CREATE SUBSCRIPTION orders_sub
  CONNECTION 'host=10.0.1.10 dbname=appdb user=replicator password=str0ngPass!'
  PUBLICATION orders_pub
  WITH (copy_data = true, create_slot = true);

-- Monitor subscription status
SELECT subname, received_lsn, latest_end_lsn FROM pg_stat_subscription;

6. Patroni + etcd: Automatic Leader Election & Failover

Patroni is a Python daemon that runs on each PostgreSQL node and uses a Distributed Configuration Store (DCS) — etcd, Consul, or ZooKeeper — for leader election. The leader holds a lock in etcd with a TTL; if the primary fails to renew the lock before TTL expiry, a standby acquires it and promotes itself.

# patroni.yml — configuration for the primary node

scope: postgres-ha
name: pg-node1
restapi:
  listen: 0.0.0.0:8008
  connect_address: 10.0.1.10:8008
etcd3:
  hosts: 10.0.1.20:2379,10.0.1.21:2379,10.0.1.22:2379
bootstrap:
  dcs:
    ttl: 30                         # leader lock TTL in seconds
    loop_wait: 10                   # health-check interval
    maximum_lag_on_failover: 1048576  # don't promote if > 1MB behind
    synchronous_mode: false         # set true for zero-loss failover
  initdb: [{encoding: UTF8}, {data-checksums: true}]
postgresql:
  listen: 0.0.0.0:5432
  connect_address: 10.0.1.10:5432
  data_dir: /var/lib/postgresql/16/main
  bin_dir: /usr/lib/postgresql/16/bin
  authentication:
    replication: {username: replicator, password: str0ngPass!}
    superuser: {username: postgres, password: s3cr3t!}
  parameters:
    wal_level: replica
    max_wal_senders: 10
    wal_keep_size: 1GB

# patronictl commands

# List cluster state (shows primary + replica lag)
patronictl -c /etc/patroni.yml list

# Planned switchover (graceful, zero data loss)
patronictl -c /etc/patroni.yml switchover --master pg-node1 --candidate pg-node2

# Emergency failover (promotes best standby immediately)
patronictl -c /etc/patroni.yml failover postgres-ha

# Pause/resume auto-failover (for maintenance)
patronictl -c /etc/patroni.yml pause
patronictl -c /etc/patroni.yml resume

Failover flow: (1) Primary crashes → stops renewing etcd lock → TTL expires (up to 30s). (2) etcd notifies Patroni on standbys. (3) Standby with highest LSN acquires lock → runs pg_ctl promote. (4) Other standbys reconfigure to replicate from new primary. (5) HAProxy/PgBouncer health-checks detect the new primary and re-route connections.

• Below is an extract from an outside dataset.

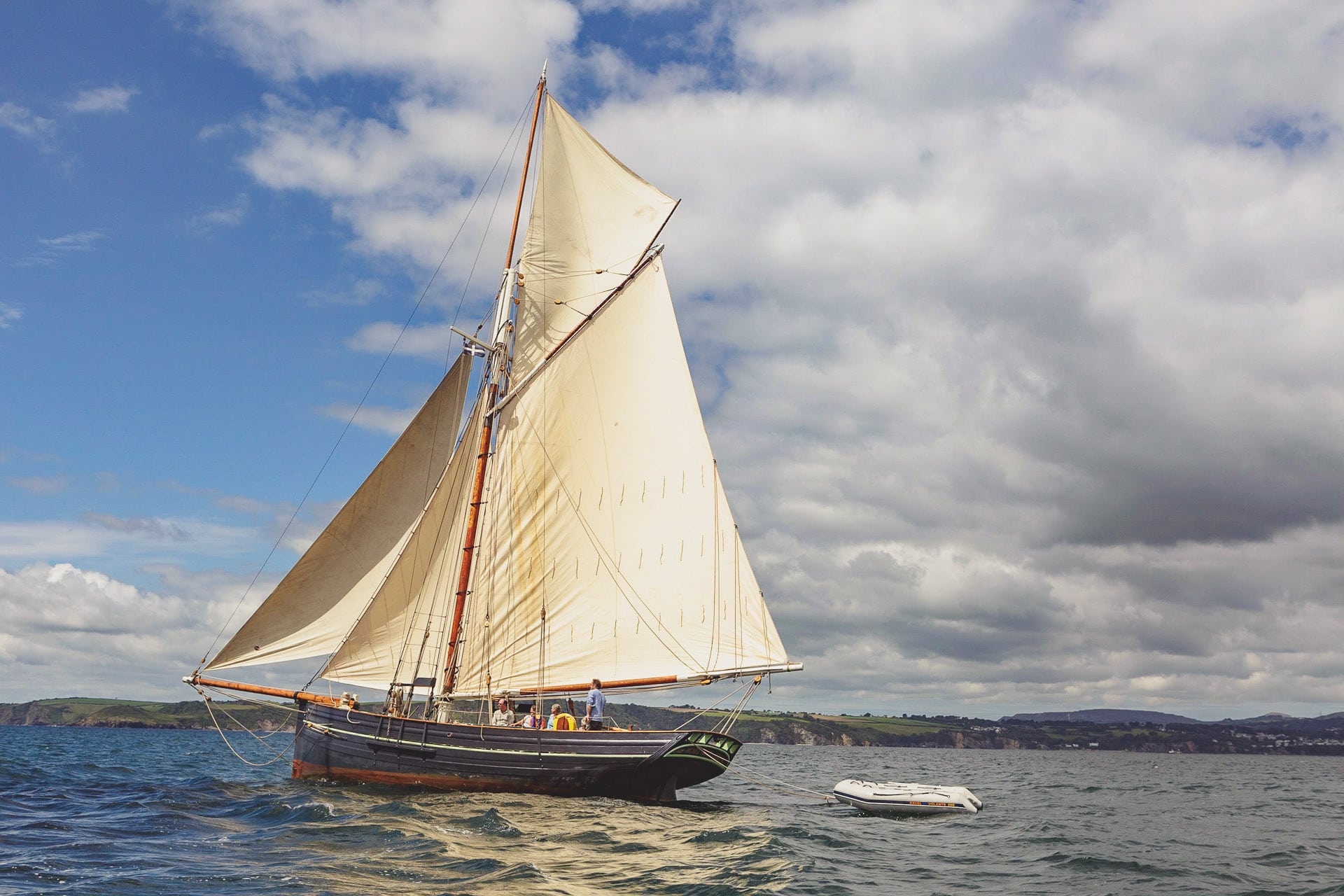 Agnes charter boat full sail in Cornwall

7. PgBouncer Connection Pooling in HA Setup

PostgreSQL creates a new OS process per client connection (up to ~3MB RAM each). At 500+ concurrent app connections, memory pressure becomes a bottleneck. PgBouncer maintains a small pool of actual backend connections and multiplexes thousands of client connections across them.

Pool Mode	Connection Held Until	Transactions/Connection	Use Case
session	Client disconnects	All session txns	Compatibility, SET/PREPARE statements
transaction	Transaction ends	High multiplexing	Most Spring Boot apps (recommended)
statement	Statement ends	Maximum multiplexing	Autocommit-only workloads

# pgbouncer.ini — production configuration

[databases]
appdb = host=10.0.1.10 port=5432 dbname=appdb  # points to primary (or HAProxy VIP)
appdb_ro = host=10.0.1.11 port=5432 dbname=appdb  # points to replica

[pgbouncer]
listen_port = 6432
listen_addr = 0.0.0.0
auth_type = scram-sha-256
auth_file = /etc/pgbouncer/userlist.txt
pool_mode = transaction
max_client_conn = 5000
default_pool_size = 25       # backend connections per db/user pair
min_pool_size = 5
reserve_pool_size = 5
reserve_pool_timeout = 3
server_idle_timeout = 600
client_idle_timeout = 0
log_connections = 0
log_disconnections = 0
stats_period = 60

Configure Spring Boot's datasource URL to point to PgBouncer (jdbc:postgresql://pgbouncer-host:6432/appdb). Set HikariCP maximum-pool-size to ~10 per instance — PgBouncer multiplexes all app instances into a small backend pool.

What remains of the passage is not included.